Neutropenic murine thigh infection model.Colonies from an overnight culture on Trypticase soy agar (TSA) were transferred to sterile phosphate-buffered saline (PBS) and diluted to the optimized concentration for injection of each bacterium, which was 1.9 × 105 CFU for E. coli ATCC 25922, 2.8 × 106 CFU for E. coli ANA598, and 3.0 × 105 CFU for P. aeruginosa ATCC 27853. A serial dilution of the inoculum was plated out on TSA, and the number of CFU was determined after overnight incubation at 37°C. Female CD-1 mice weighing between 19 and 28 g (Charles River Laboratories, Portage, MI) were made neutropenic with intraperitoneal injections of cyclophosphamide (150 mg/kg of body weight in a 10-ml/kg volume) on days −4 and −1 before bacterial inoculation. Each animal was inoculated with 0.1 ml of bacteria into the thigh muscle of each hind leg. Test compounds and control agent (tobramycin) were administered in sterile saline at 2 h after infection, and additional doses were administered according to the specific study protocols. Thighs from the hind legs of each mouse were collected at 2 h (untreated control mice) and 24 h postinfection and homogenized, and 10-fold serial dilutions were plated on TSA. The CFU were counted after overnight incubation at 37°C, and the number of CFU/g thigh was determined. Each test group consisted of at least four mice.

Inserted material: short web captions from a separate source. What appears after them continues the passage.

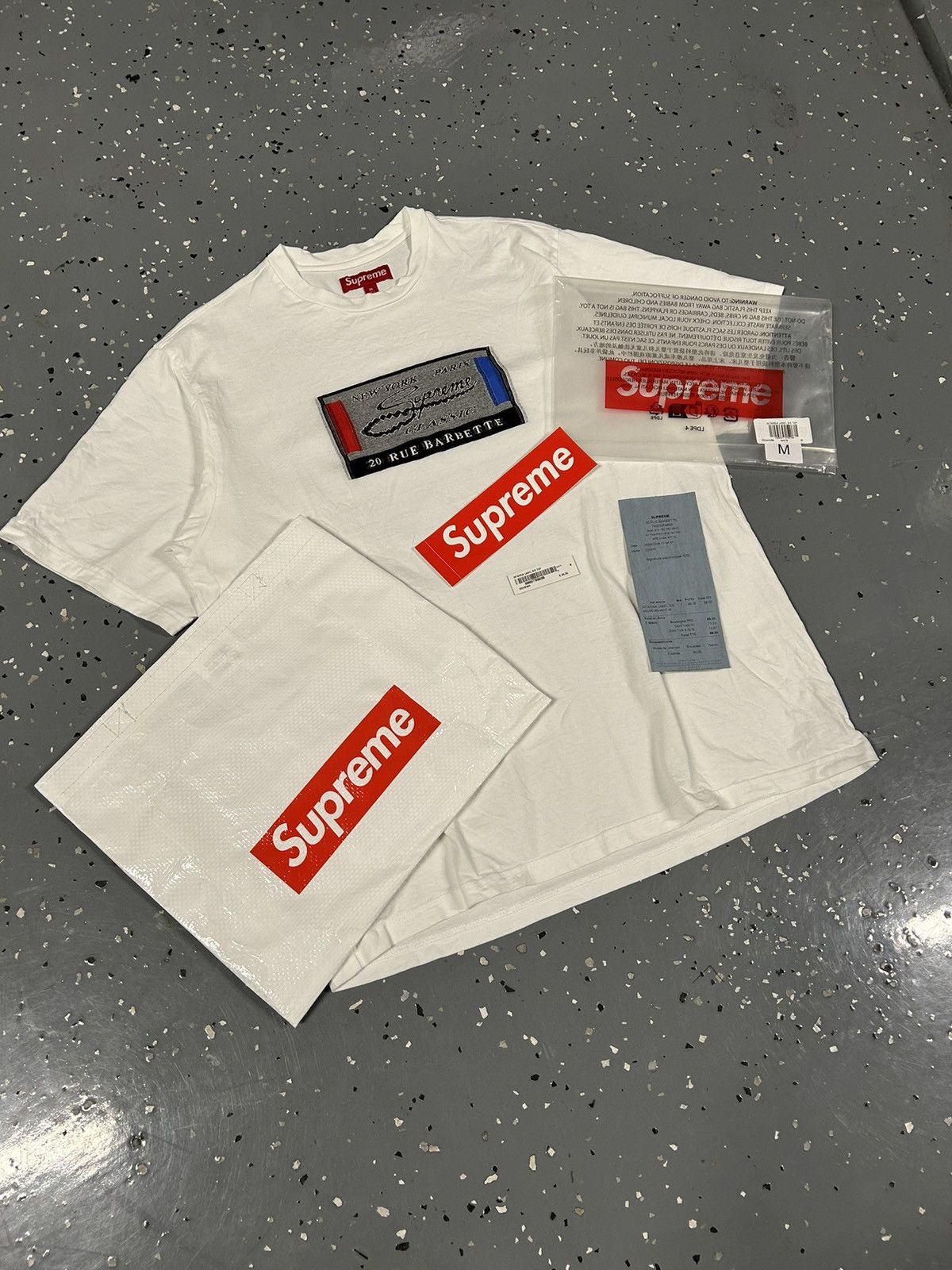 Supreme Supreme Paris Tee | Grailed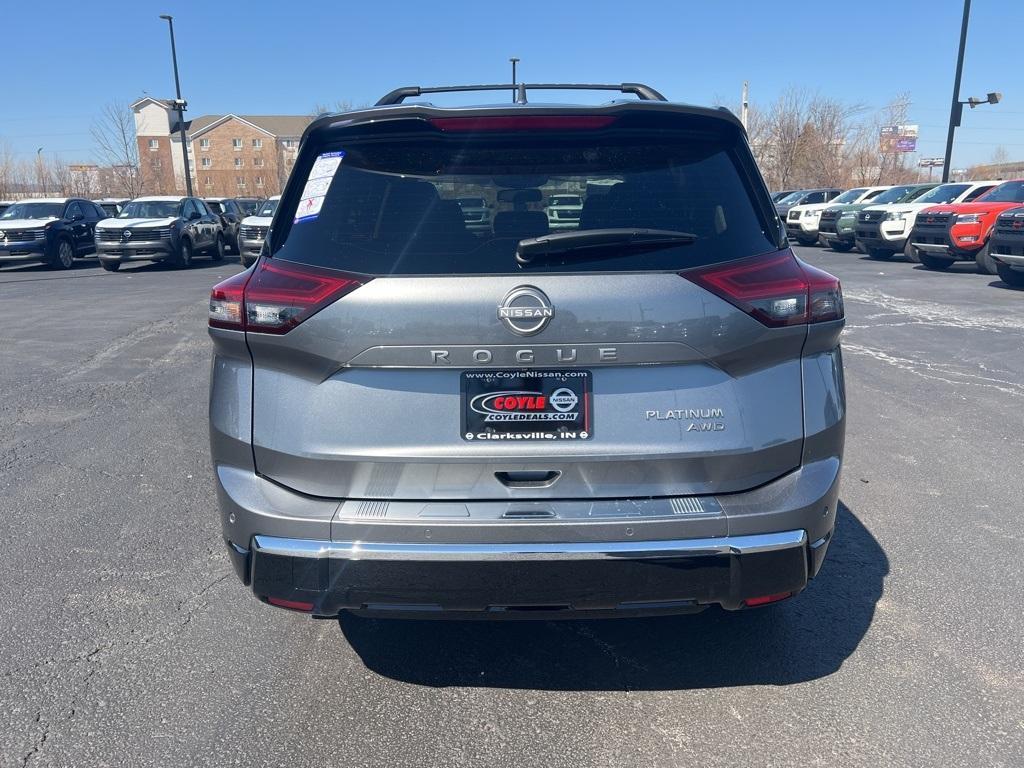 new 2025 Nissan Rogue car, priced at $41,731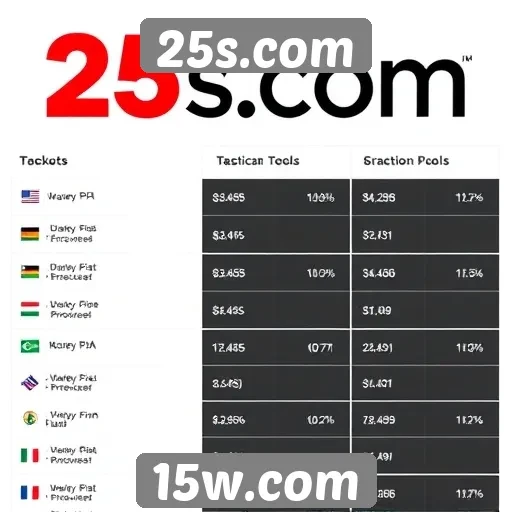 Comparação de plataformas de apostas com 25s.com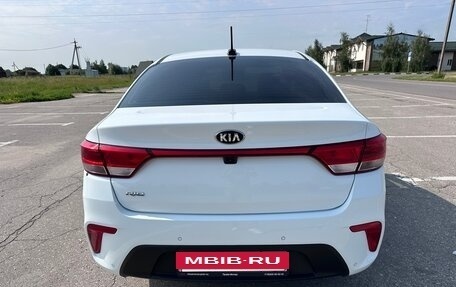 KIA Rio IV, 2019 год, 1 450 000 рублей, 4 фотография
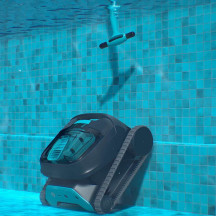 Robot piscine sans fil Dolphin Liberty 400 connecté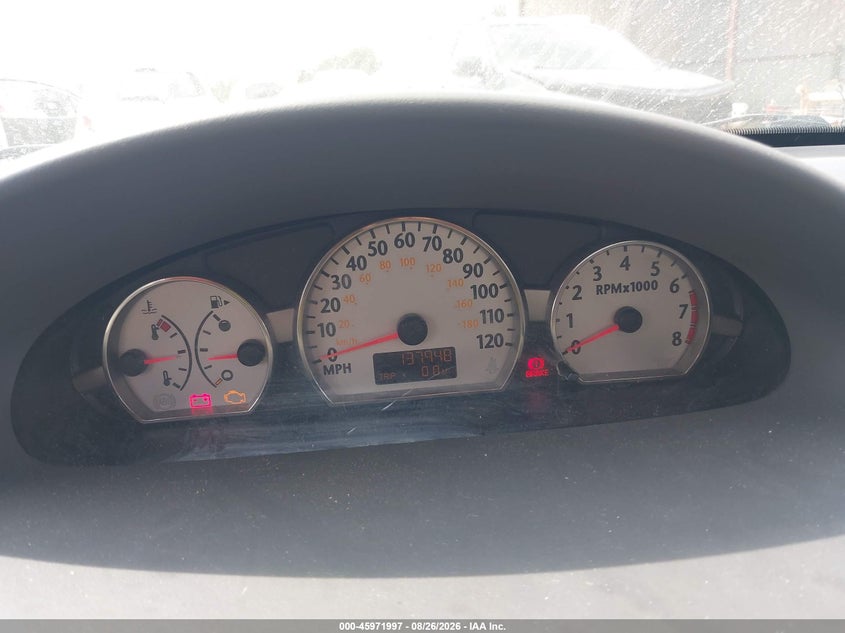 SATURN ION 2007 VIN 1G8AL58F17Z157425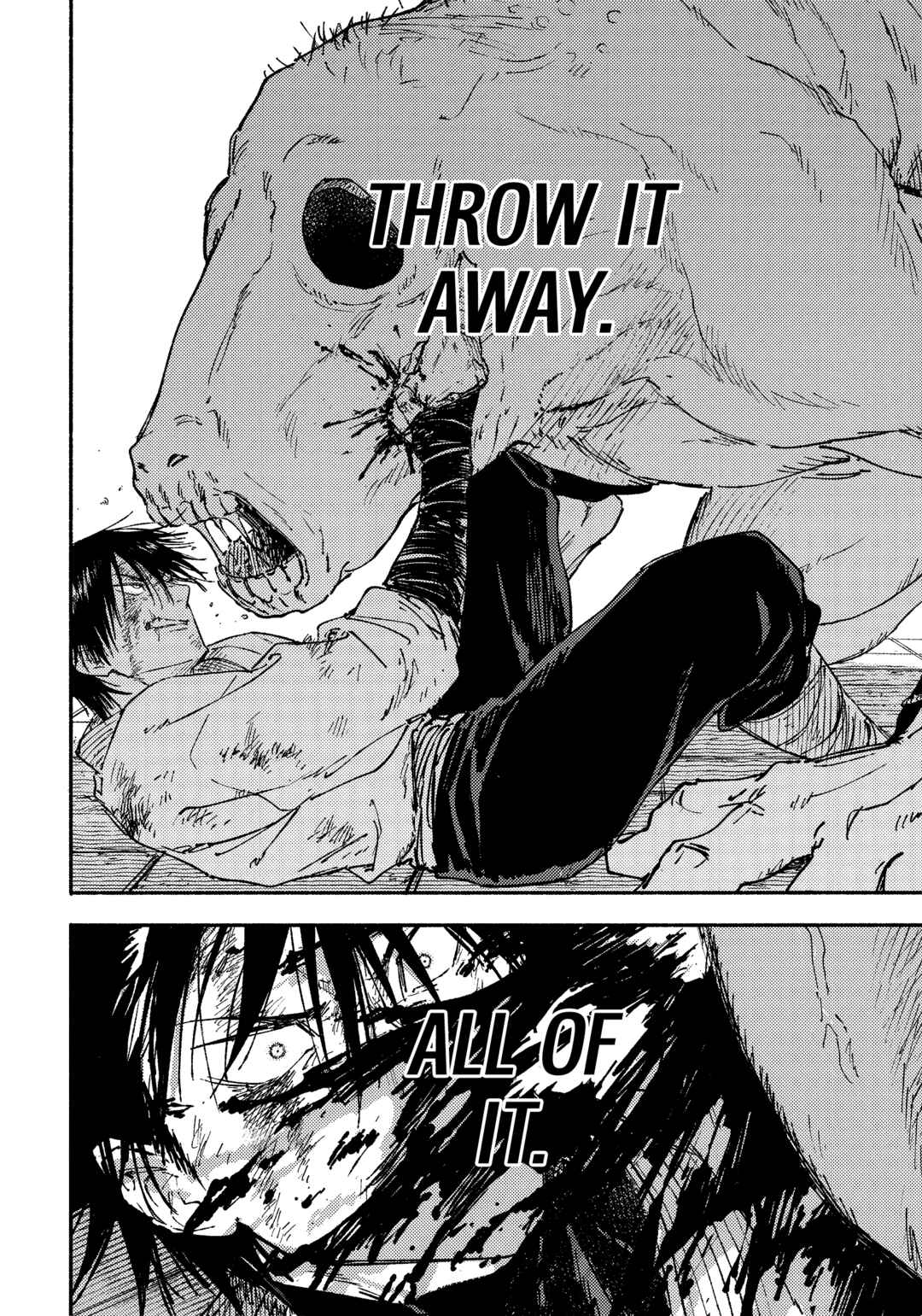 Page 29 Chapter Unknown_f319 Jujutsu Kaisen - Hibernation (Doujinshi)
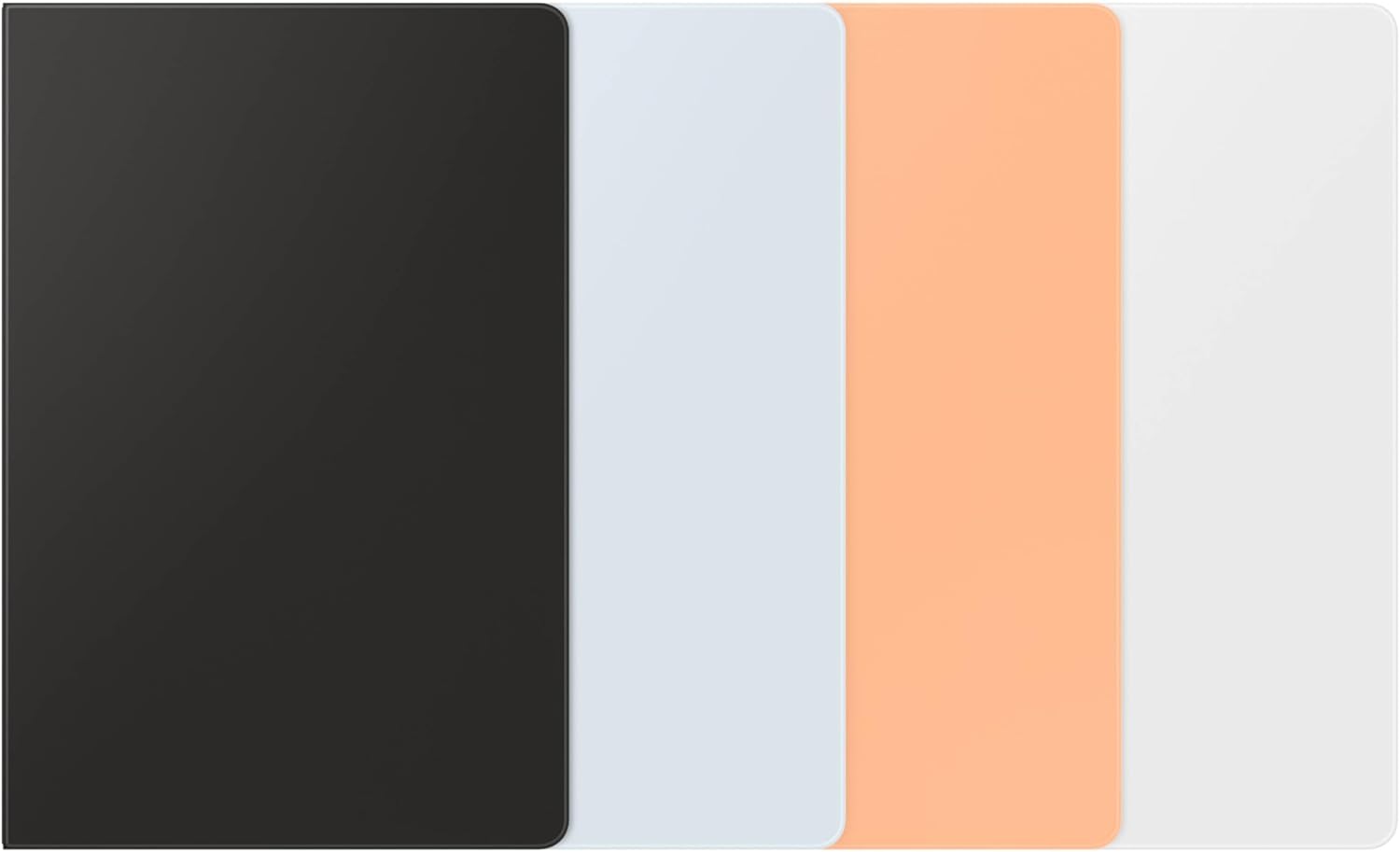 Samsung Galaxy Tab S10 FE+ Smart Book Cover for Galaxy Tab S10 FE+, Detachable Platform, PC-Like Experience, Wireless Keyboard Sharing, White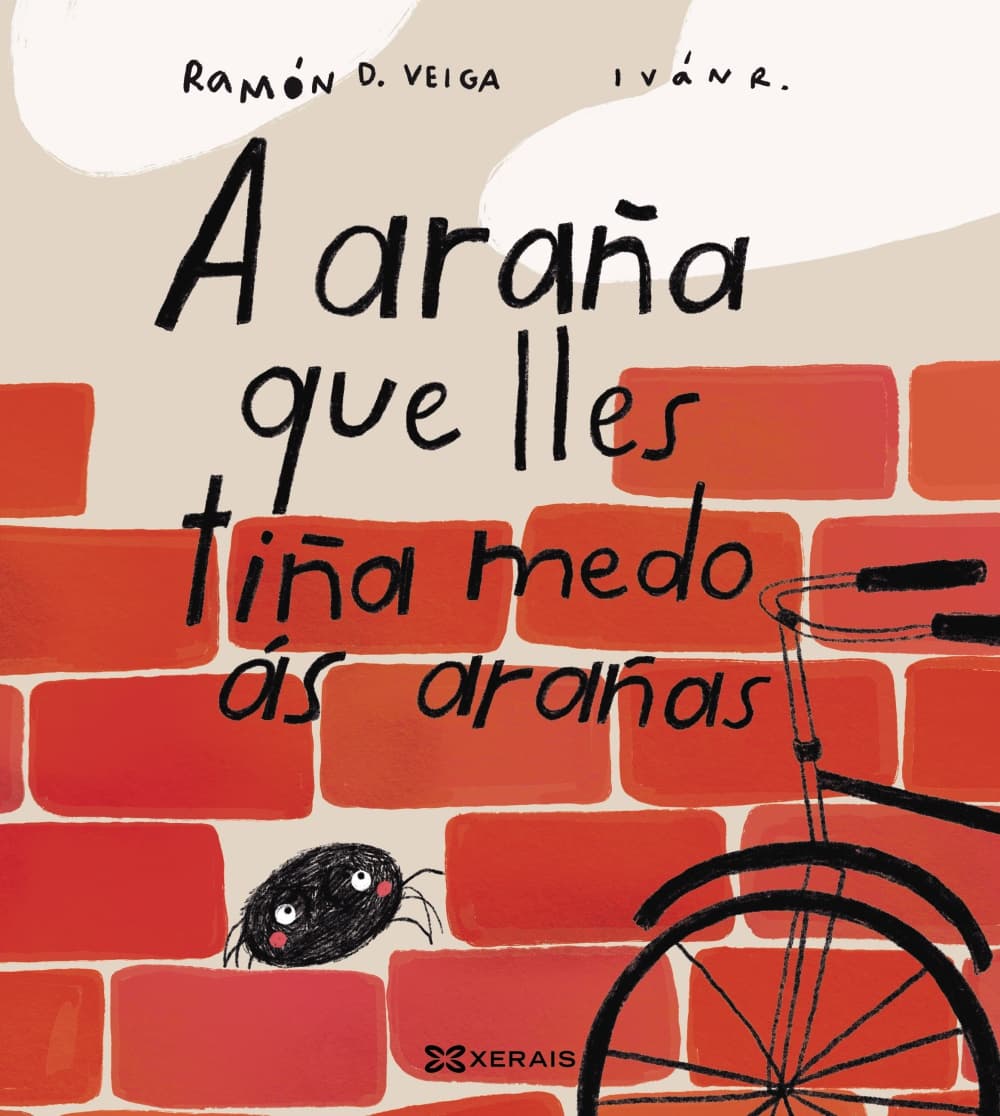 A araña que lles tiña medo ás arañas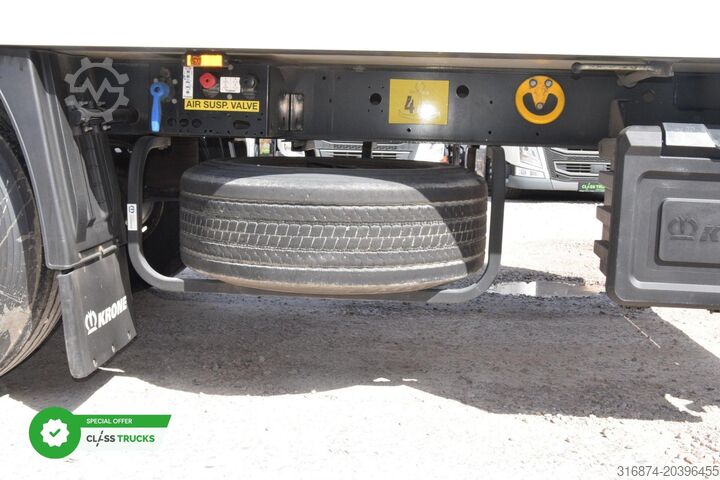 Kühlsattelauflieger KRONE SDR Cool Liner FP 60 ThermoKing SLXi 300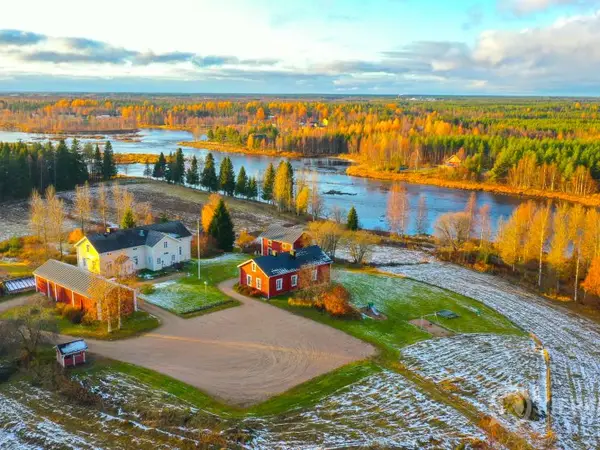 Liepeen pappila Pudasjärvellä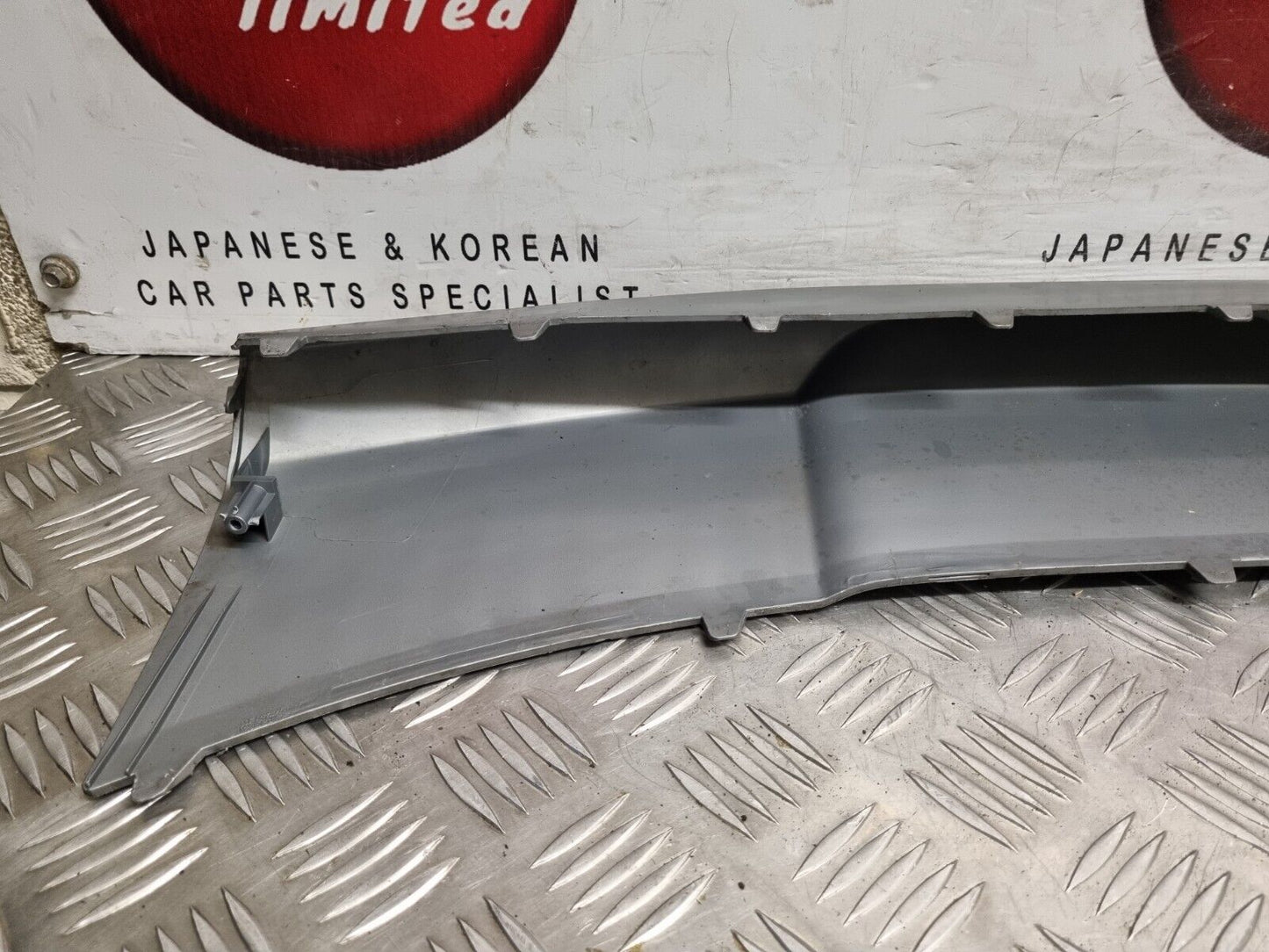 KIA NIRO DE 2020-2022 GENUINE FRONT BUMPER LOWER SPOILER SKID PLATE 86565-G5500
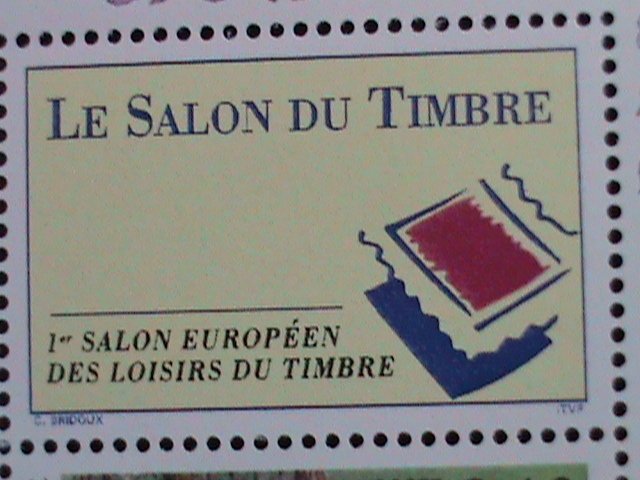 FRANCE-1994-SC#2395- EUROPEAN STAMP EXHIBITION SALON DU TIMBRE MNH-S/S VF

Immunocompetent murine thigh infection model.A culture of P. aeruginosa 1161949 was shaken overnight (120 rpm) in brain heart infusion (BHI) broth at 37°C and then washed twice by centrifugation and resuspended in BHI medium. A 1-cm length of chromic gut suture (3.0) was washed in saline and then incubated with this culture for 1 h at 37°C. Mice were anesthetized (80 mg/kg ketamine and 5 mg/kg xylazine i.p.), a 1-cm incision was made in the inguinal area to expose the thigh muscles, and a single section of suture containing P. aeruginosa was inserted into the deep thigh musculature. The incision was closed with a surgical staple, and the mice were dosed with a single injection of banamine (1 mg/kg) for pain relief. Groups of mice were treated with vehicle (water), AN3365, or ceftazidime twice daily for 4 days and euthanized 17 h after the final dose. The suture and surrounding tissue were aseptically removed and mechanically homogenized in saline. Ten-fold serial dilutions were plated onto MacConkey agar plates in triplicate. Plates were incubated overnight at 37°C, and colonies were counted to enumerate CFU/thigh.
RESULTS AND DISCUSSION
Addition of 3-aminomethyl to the core benzoxaborole improves activity.Although the core benzoxaborole, AN2679, has poor biochemical activity versus Escherichia coli LeuRS (Fig. 1), we managed to cocrystallize AN2679 with E. coli LeuRS and tRNALeu. AN2679 was bound only in the editing active site (Fig. 2A), with the boron atom forming bonds to the cis-diols on the terminal adenosine ribonucleotide of tRNALeu (Fig. 2B). An overlay of the Thermus thermophilus LeuRS editing substrate analogue 2′-(l-norvalyl)amino-2′-deoxyadenosine (Nva2AA) cocrystal structure (14) with the AN2679 cocrystal structure showed that this benzoxaborole missed key interactions (Fig. 2C). The amino group of Nva2AA makes key interactions with Asp342, Asp345, and the carbonyl of Met336 in the amine-binding pocket in the editing active site (Fig. 2C). Molecular modeling suggested that an aminomethyl substitution should be added to position 3 on AN2679 to gain these interactions. Therefore, the 3-aminomethyl-substituted benzoxaborole was synthesized to create AN3017, which had a half-maximum inhibitory concentration (IC50) for E. coli LeuRS that was 10-fold more potent than that of AN2679 (Fig. 1). As predicted from the docking analysis, the cocrystal structure of AN3017 (Fig. 3A) showed that its amino group was within hydrogen-bonding distance to Asp342, Asp345, and the carbonyl of Met336 in the amine pocket, which matched the amine interactions observed with Nva2AA. Since only the S-stereoisomer in the AN3017 racemate mixture was observed in the cocrystal structure, we isolated both enantiomers by separation of a synthetic intermediate using chiral high-performance liquid chromatography (HPLC) followed by removal of the tert-butyl carbamate-protecting group to yield AN3334 and AN3376. As expected, the S-stereoisomer, AN3334, was more active with an IC50 of 1.0 μM than with 48 μM for AN3376, the R-stereoisomer (Fig. 1). AN3334 had good antimicrobial in vitro activity, with MIC values of 1 to 2 μg/ml, compared to that of a small Gram-negative bacterial screening panel containing E. coli, Klebsiella pneumonia, and Pseudomonas aeruginosa (Table 2). Furthermore, no significant change in MIC values was observed for a P. aeruginosa strain which had the genes for three of the major efflux pumps (MexAB-OprM, MexCD-OprJ, MexEF-oprN) deleted. Likewise, no change in MIC values was observed for a strain of E. coli when the efflux-related tolC gene was disrupted by a Tn10 insertion (Table 2).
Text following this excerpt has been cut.